If GSK adopts a similar pricing structure for lapatinib, it could follow in the steps of Herceptin, which is due to generate $1.5 billion revenue in 2005 worldwide, according to estimates by business intelligence firm Evaluate Pharma of London. The figure is forecasted to grow to $3.7 billion by 2007. But to become the next generation breast cancer treatment, lapatinib must either replace Herceptin or prove efficacious in combination with the drug.

Other large companies such as Roche, Pfizer and AstraZeneca are currently testing their own targeted cancer drugs in combination with each other and with more traditional treatments such as hormones and chemotherapies. They know some patients will require a cocktail of targeted drugs to kill their tumors, but analysts say direct competition between the targeted therapies is inevitable (Table 1).
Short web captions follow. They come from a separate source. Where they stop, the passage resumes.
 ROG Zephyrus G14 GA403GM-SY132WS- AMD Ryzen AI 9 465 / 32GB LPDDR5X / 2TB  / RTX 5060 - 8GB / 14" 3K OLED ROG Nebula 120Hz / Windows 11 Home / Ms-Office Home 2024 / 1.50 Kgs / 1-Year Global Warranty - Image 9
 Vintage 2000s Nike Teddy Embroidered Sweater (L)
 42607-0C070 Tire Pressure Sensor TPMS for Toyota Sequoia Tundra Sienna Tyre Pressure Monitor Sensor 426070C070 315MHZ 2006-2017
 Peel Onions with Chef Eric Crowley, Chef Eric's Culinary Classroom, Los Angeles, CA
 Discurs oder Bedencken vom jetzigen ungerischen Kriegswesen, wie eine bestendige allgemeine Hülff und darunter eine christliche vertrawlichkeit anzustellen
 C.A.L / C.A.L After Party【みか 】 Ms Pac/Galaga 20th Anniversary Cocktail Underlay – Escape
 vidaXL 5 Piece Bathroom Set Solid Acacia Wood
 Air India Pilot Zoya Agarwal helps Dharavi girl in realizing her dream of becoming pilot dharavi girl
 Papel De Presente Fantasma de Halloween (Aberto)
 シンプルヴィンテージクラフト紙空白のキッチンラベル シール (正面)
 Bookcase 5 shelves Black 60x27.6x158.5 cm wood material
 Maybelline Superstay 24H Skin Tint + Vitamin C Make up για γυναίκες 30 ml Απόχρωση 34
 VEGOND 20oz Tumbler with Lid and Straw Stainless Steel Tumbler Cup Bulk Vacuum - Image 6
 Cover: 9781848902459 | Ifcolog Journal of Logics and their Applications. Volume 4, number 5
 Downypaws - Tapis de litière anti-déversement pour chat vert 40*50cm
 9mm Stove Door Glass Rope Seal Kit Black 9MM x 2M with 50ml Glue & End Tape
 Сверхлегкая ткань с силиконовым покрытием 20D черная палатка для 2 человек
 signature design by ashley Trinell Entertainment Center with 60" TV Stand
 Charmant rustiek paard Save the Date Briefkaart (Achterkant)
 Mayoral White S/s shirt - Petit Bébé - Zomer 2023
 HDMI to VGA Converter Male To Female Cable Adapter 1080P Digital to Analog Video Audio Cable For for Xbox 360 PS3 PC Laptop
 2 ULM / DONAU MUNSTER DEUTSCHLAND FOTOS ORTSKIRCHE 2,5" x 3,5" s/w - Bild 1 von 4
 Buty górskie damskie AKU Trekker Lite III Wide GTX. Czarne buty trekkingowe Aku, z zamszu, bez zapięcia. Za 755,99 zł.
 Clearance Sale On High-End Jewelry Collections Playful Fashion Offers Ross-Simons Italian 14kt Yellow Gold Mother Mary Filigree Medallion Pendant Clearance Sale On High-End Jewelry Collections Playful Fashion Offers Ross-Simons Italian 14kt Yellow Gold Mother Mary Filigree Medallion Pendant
In fact, if lapatinib reaches the market as scheduled, it could face several newcomers shortly after (Box 1). Genetech/Roche's Avastin, a single-targeted therapy approved in the US for colorectal cancer, is in phase 3 trials for breast cancer. Several multitargeted therapies follow close behind in phase 2 trials: Pfizer's Sutent (sunitinib malate), Bayer's Nexavar (sorafenib) and AstraZeneca's ZD6474 (Zactima). IMS Health's Manuguid questions whether healthcare systems can actually afford all of these therapies.

“Lapatinib is part of a new class of targeted therapies and it will do quite well,” says Fleur Pijpers, an oncology analyst for Datamonitor in London. “By the time Sutent and sorafenib are approved, it is likely that GSK will have initiated line extension [for other indications] within breast cancer for lapatinib. But the only way to say one is better than the other is by looking at clinical trail results, and it is too early to say.”

If GSK wants lapatinib to succeed in the face of such competition, experts say the company can't settle for conservative marketing strategies. “GSK must break through their reputation,” says IMS Health's Manuguid. “You have to have strength to market a targeted therapy. So far, they've been somewhat lackluster in oncology. Their biggest obstacle is how much money they're willing to invest in it.”